NKF’s Regional Mall Guru Thomas Dobrowski Is Taking Retail Doom and Gloom in Stride
By Lauren Elkies Schram January 10, 2018 9:30 am
reprintsThomas Dobrowski might be one of the reasons why malls are not actually dying. And it’s not just because he sells regional malls, but because he arguably has been to more malls than anyone else (60 in 2017 alone), and whenever he visits one, he shops (that’s 60 purchases last year).
No, he’s not buying anything big—“just a couple small items I can throw in the bag,” the executive managing director at Newmark Knight Frank, said—but he’s still shopping at malls. And just that fact alone, he said, “inherently speaks to—when you get people in the mall they’re going to spend money.”
Dobrowski, who handles regional mall investment sales nationally, sold 13 regional malls last year. (Whenever he gets an assignment, not only does he tour the property he’s selling; he check out the mall’s competition.)
While there’s no doubting that malls, and retail in general, face headwinds—only five malls have either opened or are under development since 2007, while about 200 have closed in that time, Dobrowski said—the broker remains optimistic about the future of the industry. “The news does not help pricing. However, it does help bring attention and interest to mall properties for sale,” Dobrowski said, “because savvy investors recognize that this could be a once-in-a-lifetime opportunity to pick up malls at good prices.”
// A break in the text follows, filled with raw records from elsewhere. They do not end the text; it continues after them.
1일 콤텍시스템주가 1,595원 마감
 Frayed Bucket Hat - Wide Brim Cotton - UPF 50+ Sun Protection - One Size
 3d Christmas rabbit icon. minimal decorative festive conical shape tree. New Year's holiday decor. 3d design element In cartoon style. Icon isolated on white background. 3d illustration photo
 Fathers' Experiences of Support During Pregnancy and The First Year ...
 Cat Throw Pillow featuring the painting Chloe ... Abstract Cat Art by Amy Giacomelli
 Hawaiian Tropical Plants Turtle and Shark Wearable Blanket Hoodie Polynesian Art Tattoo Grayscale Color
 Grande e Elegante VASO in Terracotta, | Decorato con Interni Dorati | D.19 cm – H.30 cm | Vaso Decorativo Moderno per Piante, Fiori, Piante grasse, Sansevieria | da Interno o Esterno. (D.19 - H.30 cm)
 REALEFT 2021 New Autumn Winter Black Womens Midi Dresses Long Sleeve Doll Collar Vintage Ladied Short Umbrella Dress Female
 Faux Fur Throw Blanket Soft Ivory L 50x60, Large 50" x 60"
Dobrowski didn’t start his career in the mall business. After graduating with a bachelor’s degree in finance from Villanova University he worked in Morgan Stanley (MS)’s real estate investment banking group. He got into the mall business at the now-defunct Rockwood Real Estate Advisors, where he worked from 2002 through 2014, before NKF came calling. The brokerage was looking to “grow a capital markets platform and grow a national brokerage business,” Dobrowski said.
Since then, Dobrowski has been NKF’s lone regional mall investment sales broker. With the help of a support staff of three who handle underwriting, analytics, materials preparation and research, he sold 13 out of the 30 brokered mall deals last year, making the sellers’ representative’s market share nearly 50 percent.
Being in a business that is not territory based, Dobrowski can be based anywhere in the country, but prefers New York City, his home for the last 18 years or so. (He, his wife and their 3-and-a-half year old son live in the East Village.)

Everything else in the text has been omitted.